Denial of Interim Attorney’s Fees – Reasonable Basis


Reiling v. HHS, (Fed. Cl. Spec. Mstr. Jun 24, 2016) (Moran, SM)

Counsel sought an award of interim fees and costs after withdrawing as counsel. The Court ultimately held that reasonable basis had not been demonstrated as of yet, although it could be later as the petitioner was proceeding pro se. Thus, an interim fee award could not be made. The legal standard applied was that “some” evidence, albeit not preponderant evidence, has to exist in support of the claim. (Ed. Note – a totality of circumstances analysis was not applied).
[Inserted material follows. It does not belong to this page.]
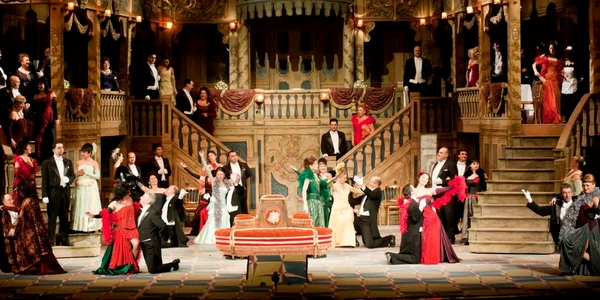 Liliacul opera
Multiple factors were considered on the issue of reasonable basis. The petition had alleged a latex allergy resulted in injury, however, no latex allergy existed. An expert report was later filed asserting that Tdap vaccine exacerbated an underlying traumatic brain injury. This theory was problematic because there was little to no evidence that petitioner suffered from a traumatic brain injury. Even if she had, the expert report did not indicate how her condition would have progressed any differently absent the vaccine. Also likely important to the Court’s analysis was the observation that the expert was a doctor of osteopathic medicine who previously specialized in AIDS/HIV but since 2010 was the medical director of a weight loss clinic and consultative practice involving has centered on the diagnosis and treatment of autonomic-related disorders such as traumatic brain injury and concussion, POTS, chronic fatigue, migraine headaches, orthostasis, poor memory and concentration, and irritable bowel syndrome.